Dataset content
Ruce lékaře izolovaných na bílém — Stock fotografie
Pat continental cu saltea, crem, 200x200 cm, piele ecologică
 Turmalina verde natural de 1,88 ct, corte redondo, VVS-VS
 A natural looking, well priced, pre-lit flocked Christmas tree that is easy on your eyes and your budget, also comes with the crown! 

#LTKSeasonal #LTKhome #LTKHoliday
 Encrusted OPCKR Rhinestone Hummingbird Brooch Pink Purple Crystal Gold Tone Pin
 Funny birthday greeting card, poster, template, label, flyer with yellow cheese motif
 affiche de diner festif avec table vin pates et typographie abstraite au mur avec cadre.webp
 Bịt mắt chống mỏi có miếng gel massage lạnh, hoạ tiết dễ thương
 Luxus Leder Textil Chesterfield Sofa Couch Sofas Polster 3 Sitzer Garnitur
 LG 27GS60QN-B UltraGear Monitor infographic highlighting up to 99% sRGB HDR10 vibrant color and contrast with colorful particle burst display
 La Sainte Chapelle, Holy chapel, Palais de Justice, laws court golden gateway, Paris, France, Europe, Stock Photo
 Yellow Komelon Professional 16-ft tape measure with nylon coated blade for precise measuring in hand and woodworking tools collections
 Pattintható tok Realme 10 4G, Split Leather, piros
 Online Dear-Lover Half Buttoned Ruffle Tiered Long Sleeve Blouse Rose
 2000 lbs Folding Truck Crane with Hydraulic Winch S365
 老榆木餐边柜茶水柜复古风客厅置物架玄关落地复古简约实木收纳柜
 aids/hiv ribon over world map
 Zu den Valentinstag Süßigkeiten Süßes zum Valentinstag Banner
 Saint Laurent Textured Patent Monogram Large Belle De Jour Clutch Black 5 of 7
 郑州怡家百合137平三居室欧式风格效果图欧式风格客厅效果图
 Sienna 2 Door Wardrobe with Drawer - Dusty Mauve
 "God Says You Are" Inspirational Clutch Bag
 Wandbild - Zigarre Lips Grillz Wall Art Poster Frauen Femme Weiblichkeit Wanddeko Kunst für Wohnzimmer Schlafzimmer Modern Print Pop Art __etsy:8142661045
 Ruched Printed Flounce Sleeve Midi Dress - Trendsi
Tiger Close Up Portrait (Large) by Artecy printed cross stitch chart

Required work
In the data above, which lines lie between the line with "affiche de diner" and the line with "La Sainte Chapelle, Holy", inclusive? Print those lines exactly and nothing else.

Expected output
 affiche de diner festif avec table vin pates et typographie abstraite au mur avec cadre.webp
 Bịt mắt chống mỏi có miếng gel massage lạnh, hoạ tiết dễ thương
 Luxus Leder Textil Chesterfield Sofa Couch Sofas Polster 3 Sitzer Garnitur
 LG 27GS60QN-B UltraGear Monitor infographic highlighting up to 99% sRGB HDR10 vibrant color and contrast with colorful particle burst display
 La Sainte Chapelle, Holy chapel, Palais de Justice, laws court golden gateway, Paris, France, Europe, Stock Photo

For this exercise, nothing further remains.